その通りです。ちょうどその頃、お店のTwitterもやり出して、お客さんの声や人物像が可視化されたことも僕にとっては大きかった。「最近、大学生くらいの若い子がお店に来るようになってきたな」と思っていたら、ツイッター上で「今日、学校終わりにココ吉行こうよ」みたいな会話がなされているのを見かけたりするようになって、注目していたんです。ツイッター上でココ吉に行く予定を立てていた子たちは、しばらくしてから褐色の恋人というDJチームを組むことになります。まさに、リバティーンズに憧れた若手バンドが続々とカルチャーを盛り上げたように、日本国内でも小さいながらも、トゥウィー・ガールズ・クラブのフォロワーである若い世代の子たちがレコードカルチャーを再び盛り上げてくれたと僕は思っています。
ー若い子たちが継続的にココ吉へ足を運んでくれるために工夫したことはありますか?
学生だからお金を持っていないことは一目瞭然で。だからとにかく手に取りやすく、という気持ちを込めて300円とかでレコードを店頭に出していましたね。当時は在庫もたくさんあったし(笑)。あとは、お店に通ってくれるようになった子たちとコミュニケーションも取るようになって。「これが好きなら、多分これも好きだよ」と次に聞くべきおすすめの曲を教えたりしていましたね。
ー音楽に造詣が深い人からのレコメンドは、何よりも説得力があると思います。
同感です。レコメンドの重要性に気がついて、ブログでおすすめのレコードを発信するようになったのもその頃です。それを見た人たちがまたココ吉に足を運んでくれて、買ったレコードでDJを回す。その会場には、たまたま友達に誘われただけで、DJにもレコードにも興味がなかった子がいて「あ、レコードってかっこいいかも」と思ってくれる。レコードに少しだけ興味を持った子たちが、ふらっとレコード屋に足を運んでくれるようになる。そういう良い流れが生まれた実感があったし、「こういう子たちをどんどん増やしていこう」と。そのために、なんとなくそういう「おしゃれっぽいものが好き」「羨望の眼差しがある」ような子たちが好みそうな音楽をどんどん店頭に出しました。

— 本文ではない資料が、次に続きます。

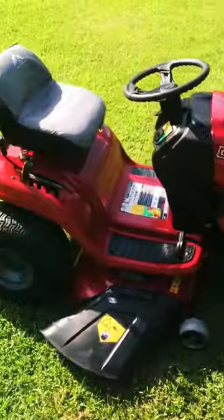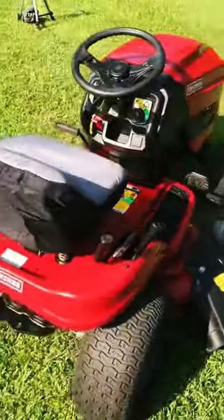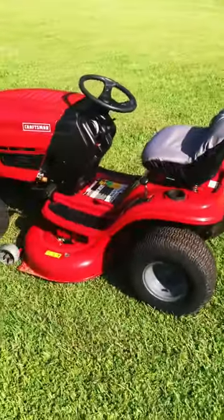We're just finishing this one up — I'm finishing up the video on the revival of this machine, and it is running like a watch. It's gonna make a great mower for somebody, so stay tuned. I appreciate it.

そういう「今までと全然違う客層である若い子たち」がレコードを買い出した時期と時を同じくして、先ほどもお話ししたシャムキャッツやセロ、ミツメなどのインディーズバンドが台頭してきた。その辺の波長が若い子たちに合ったんですよね。
ー波長というと?
簡単に言ってしまえば、お店のファンになってくれたんです。レコードに興味を持ち始めた若い子たちは、最初、1990年代に流行した海外のインディーポップを求めてココ吉に足を運んでくれていました。そこでたまたまプッシュされていた、スカートやミツメの音楽に出会い、好きになる。そういう良い循環が回り出した。どちらかと言えば「ココナッツディスクに行くのが楽しい」と思ってもらえるようになったんだな、とツイッターのタイムラインで流れてくるツイートを読んで実感しました。ココ吉が、昔のレコードも、インディーズバンドの新譜も置いている店だったことが、彼らにとって良かったんでしょうね。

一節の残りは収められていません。